Records for this exercise -
══════════════════════════════
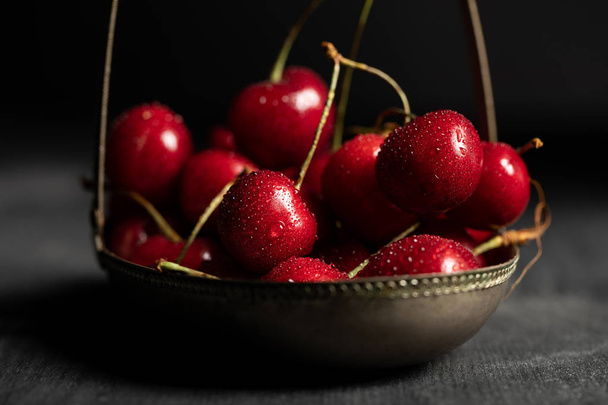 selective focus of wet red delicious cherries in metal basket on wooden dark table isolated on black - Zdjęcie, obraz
══════════════════════════════
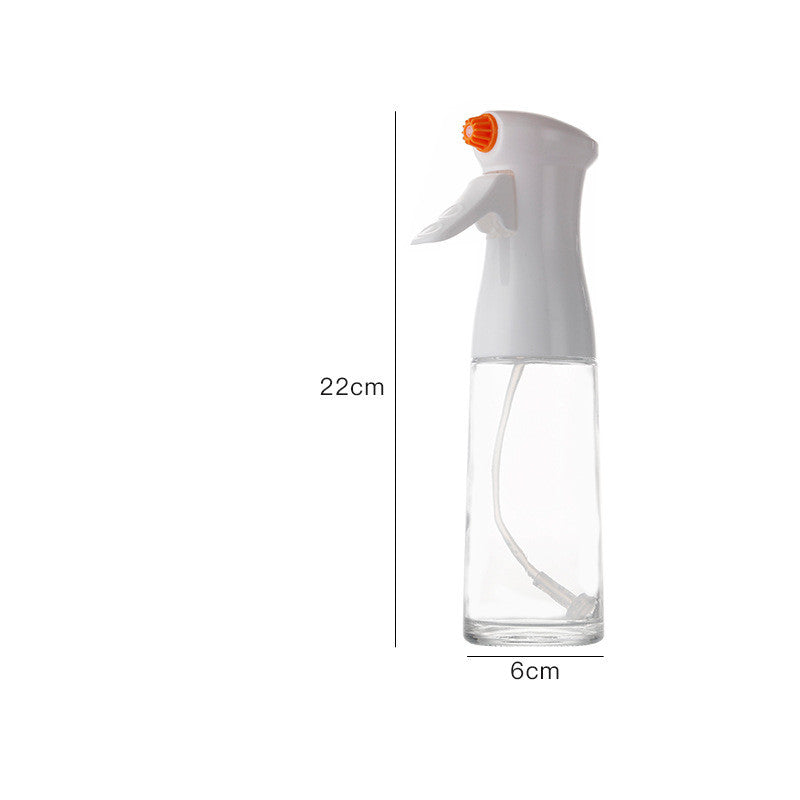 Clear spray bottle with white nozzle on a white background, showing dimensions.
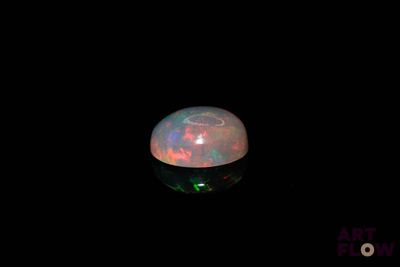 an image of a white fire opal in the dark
══════════════════════════════
Aim of the exercise - Return only the stretch above from the line containing "Clear spray bottle" through the line containing "an image of a white fire opal in the dark", word for word and without pictures.

Task solution -
 Clear spray bottle with white nozzle on a white background, showing dimensions.
 an image of a white fire opal in the dark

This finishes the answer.